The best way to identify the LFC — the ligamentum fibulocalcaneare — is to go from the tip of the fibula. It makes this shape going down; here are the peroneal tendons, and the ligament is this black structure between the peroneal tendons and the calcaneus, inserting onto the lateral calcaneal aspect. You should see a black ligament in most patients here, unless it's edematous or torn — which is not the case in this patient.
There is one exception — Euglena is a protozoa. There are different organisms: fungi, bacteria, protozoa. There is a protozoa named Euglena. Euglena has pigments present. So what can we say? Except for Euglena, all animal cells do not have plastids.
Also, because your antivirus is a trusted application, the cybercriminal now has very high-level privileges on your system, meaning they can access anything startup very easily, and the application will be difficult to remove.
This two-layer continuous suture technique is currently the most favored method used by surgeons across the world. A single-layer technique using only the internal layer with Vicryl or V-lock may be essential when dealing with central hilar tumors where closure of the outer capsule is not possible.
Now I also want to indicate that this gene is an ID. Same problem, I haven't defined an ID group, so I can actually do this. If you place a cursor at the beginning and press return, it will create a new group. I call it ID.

• • • • • • •

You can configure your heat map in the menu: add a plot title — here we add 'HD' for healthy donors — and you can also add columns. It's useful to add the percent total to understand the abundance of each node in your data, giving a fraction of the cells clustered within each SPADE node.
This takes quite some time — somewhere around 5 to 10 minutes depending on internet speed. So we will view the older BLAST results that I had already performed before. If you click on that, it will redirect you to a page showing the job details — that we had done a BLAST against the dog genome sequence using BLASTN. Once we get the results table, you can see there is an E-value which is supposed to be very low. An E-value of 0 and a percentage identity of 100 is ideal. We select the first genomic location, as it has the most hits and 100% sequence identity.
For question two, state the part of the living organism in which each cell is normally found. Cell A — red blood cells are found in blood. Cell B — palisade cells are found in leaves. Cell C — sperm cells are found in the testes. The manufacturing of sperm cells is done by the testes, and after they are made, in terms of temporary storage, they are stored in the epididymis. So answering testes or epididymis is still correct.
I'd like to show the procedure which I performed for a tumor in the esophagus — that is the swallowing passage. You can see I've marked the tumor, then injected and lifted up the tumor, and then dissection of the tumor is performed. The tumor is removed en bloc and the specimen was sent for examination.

• • • • • • •

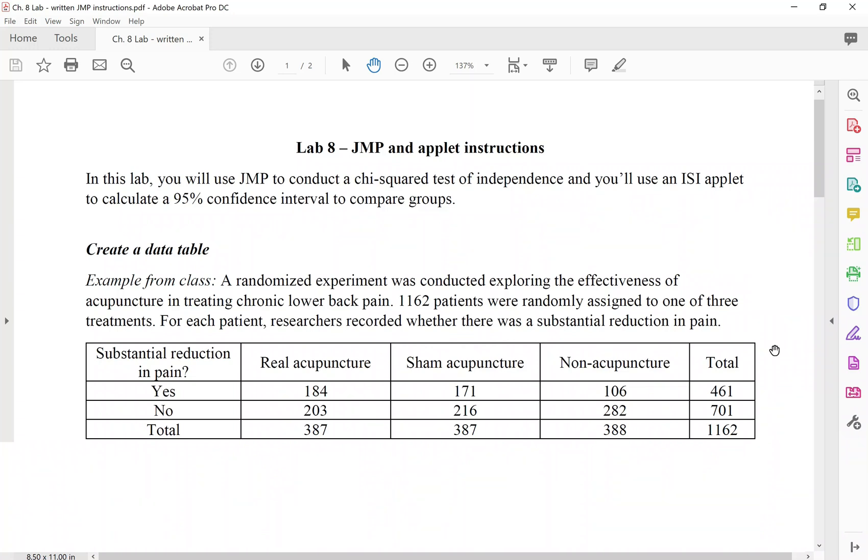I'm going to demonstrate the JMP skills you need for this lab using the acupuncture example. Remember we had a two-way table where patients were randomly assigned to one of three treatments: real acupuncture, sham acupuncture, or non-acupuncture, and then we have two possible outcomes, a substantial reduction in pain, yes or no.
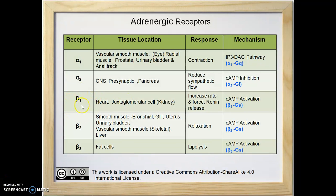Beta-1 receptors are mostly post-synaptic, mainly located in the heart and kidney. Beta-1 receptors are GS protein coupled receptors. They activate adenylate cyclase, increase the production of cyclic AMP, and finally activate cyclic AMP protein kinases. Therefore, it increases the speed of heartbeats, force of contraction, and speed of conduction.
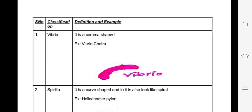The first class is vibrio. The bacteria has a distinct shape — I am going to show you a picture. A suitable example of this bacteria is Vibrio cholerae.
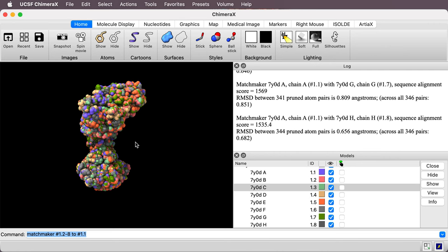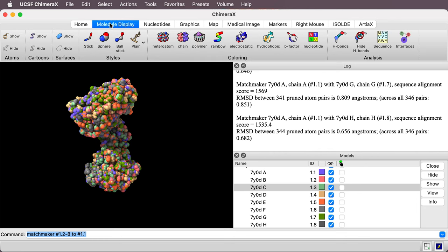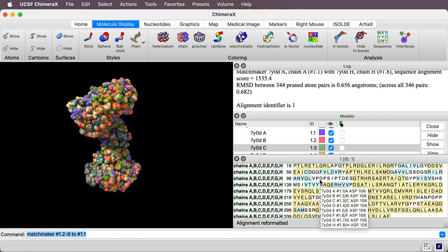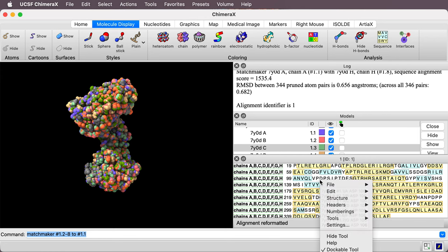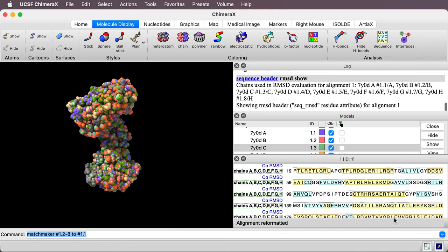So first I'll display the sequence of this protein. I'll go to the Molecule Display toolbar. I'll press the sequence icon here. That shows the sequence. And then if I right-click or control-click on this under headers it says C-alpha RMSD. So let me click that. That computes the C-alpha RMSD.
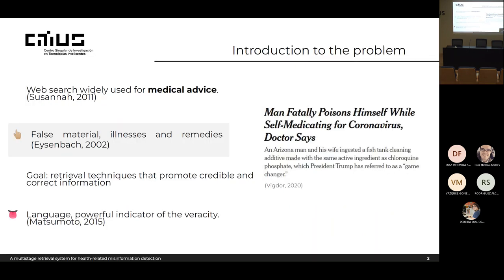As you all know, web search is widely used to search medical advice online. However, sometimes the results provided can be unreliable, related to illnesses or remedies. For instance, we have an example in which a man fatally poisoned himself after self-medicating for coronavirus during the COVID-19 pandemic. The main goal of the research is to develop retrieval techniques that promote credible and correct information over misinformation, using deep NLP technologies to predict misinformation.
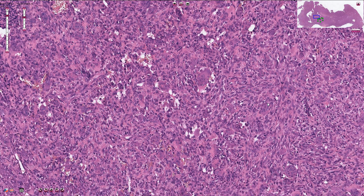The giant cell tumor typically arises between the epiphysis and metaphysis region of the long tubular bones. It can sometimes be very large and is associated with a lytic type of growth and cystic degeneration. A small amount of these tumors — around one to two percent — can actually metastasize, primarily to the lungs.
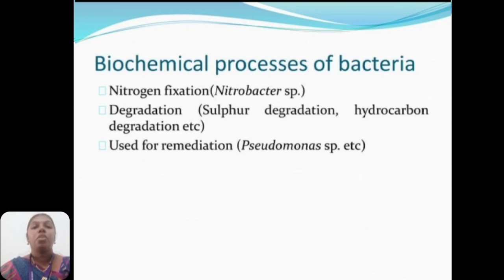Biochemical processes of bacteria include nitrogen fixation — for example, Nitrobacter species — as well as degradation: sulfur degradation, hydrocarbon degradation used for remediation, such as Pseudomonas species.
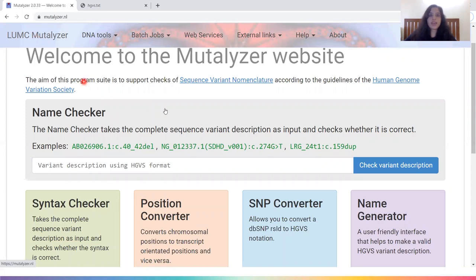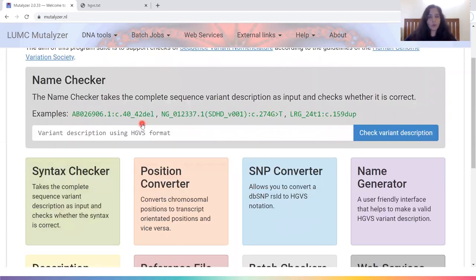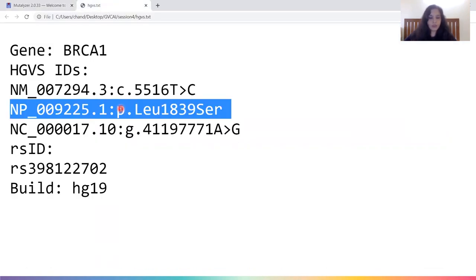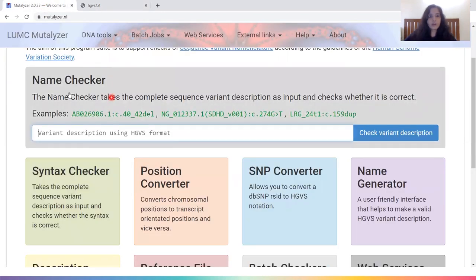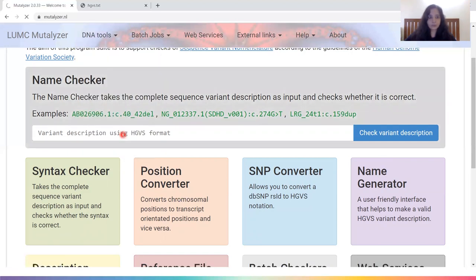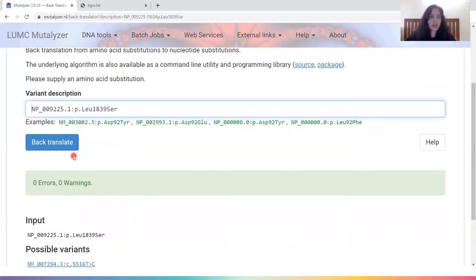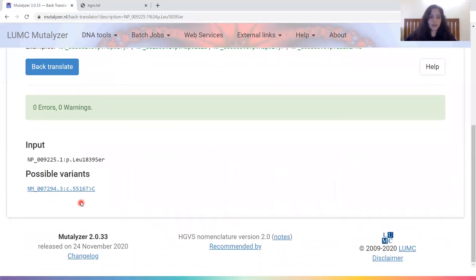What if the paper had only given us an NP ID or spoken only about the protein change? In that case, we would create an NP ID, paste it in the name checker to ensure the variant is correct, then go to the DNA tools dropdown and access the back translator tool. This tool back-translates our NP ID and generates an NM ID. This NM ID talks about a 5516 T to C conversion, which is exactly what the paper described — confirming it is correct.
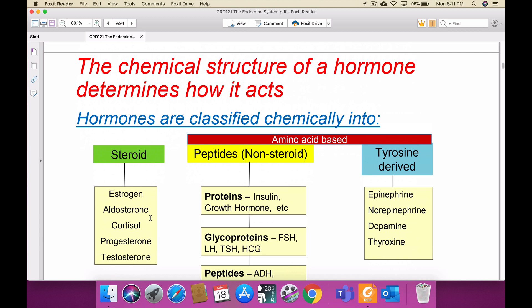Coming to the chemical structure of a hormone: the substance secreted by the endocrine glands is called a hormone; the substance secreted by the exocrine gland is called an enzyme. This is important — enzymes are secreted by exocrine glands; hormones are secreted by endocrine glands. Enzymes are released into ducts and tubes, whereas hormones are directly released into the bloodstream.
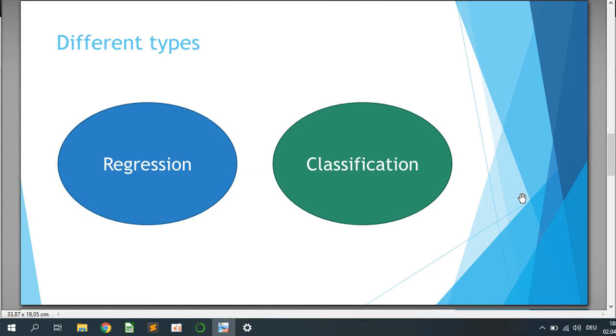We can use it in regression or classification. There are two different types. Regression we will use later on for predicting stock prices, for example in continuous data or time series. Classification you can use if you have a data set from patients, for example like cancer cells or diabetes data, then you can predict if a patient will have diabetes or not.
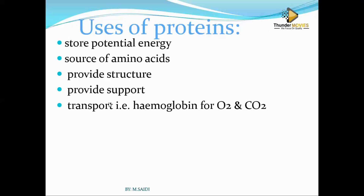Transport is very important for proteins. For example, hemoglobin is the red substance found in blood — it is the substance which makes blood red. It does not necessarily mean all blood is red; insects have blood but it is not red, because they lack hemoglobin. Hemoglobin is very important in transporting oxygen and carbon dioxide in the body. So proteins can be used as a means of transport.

• • • • • • •

§ Instructions for the task: Print only what lies in the material above starting at the line with "This takes quite" and ending at the line with "I'd like to", every line exactly as given.

§ Answer box:
This takes quite some time — somewhere around 5 to 10 minutes depending on internet speed. So we will view the older BLAST results that I had already performed before. If you click on that, it will redirect you to a page showing the job details — that we had done a BLAST against the dog genome sequence using BLASTN. Once we get the results table, you can see there is an E-value which is supposed to be very low. An E-value of 0 and a percentage identity of 100 is ideal. We select the first genomic location, as it has the most hits and 100% sequence identity.
For question two, state the part of the living organism in which each cell is normally found. Cell A — red blood cells are found in blood. Cell B — palisade cells are found in leaves. Cell C — sperm cells are found in the testes. The manufacturing of sperm cells is done by the testes, and after they are made, in terms of temporary storage, they are stored in the epididymis. So answering testes or epididymis is still correct.
I'd like to show the procedure which I performed for a tumor in the esophagus — that is the swallowing passage. You can see I've marked the tumor, then injected and lifted up the tumor, and then dissection of the tumor is performed. The tumor is removed en bloc and the specimen was sent for examination.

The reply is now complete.